## Extracted records
──────────
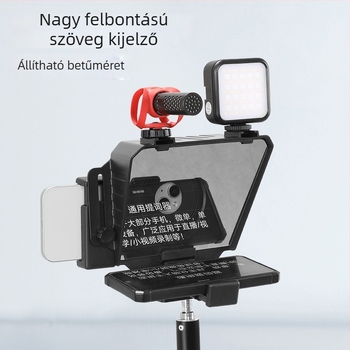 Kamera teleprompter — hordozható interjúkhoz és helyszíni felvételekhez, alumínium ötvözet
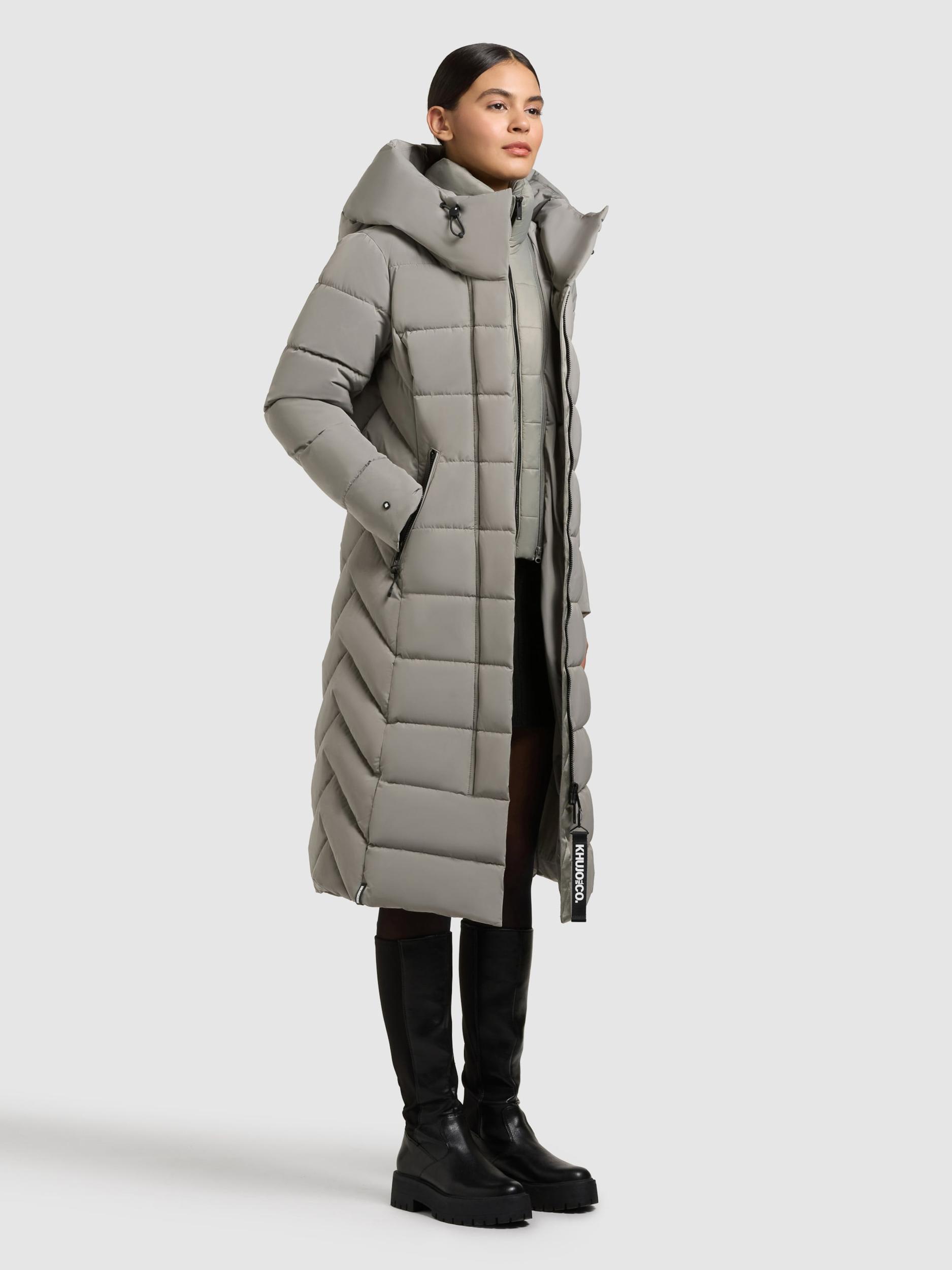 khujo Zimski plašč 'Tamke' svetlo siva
──────────
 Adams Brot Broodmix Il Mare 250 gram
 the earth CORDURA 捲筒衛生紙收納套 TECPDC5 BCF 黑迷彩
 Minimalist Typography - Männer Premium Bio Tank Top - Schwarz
──────────
## How to complete this task
From the line that has "the earth CORDURA 捲筒衛生紙收納套 TECPDC5 BCF 黑迷彩" through the line that has "Minimalist Typography - Männer", copy every line exactly as it appears above, and leave out all others.

## Reply to the task
 the earth CORDURA 捲筒衛生紙收納套 TECPDC5 BCF 黑迷彩
 Minimalist Typography - Männer Premium Bio Tank Top - Schwarz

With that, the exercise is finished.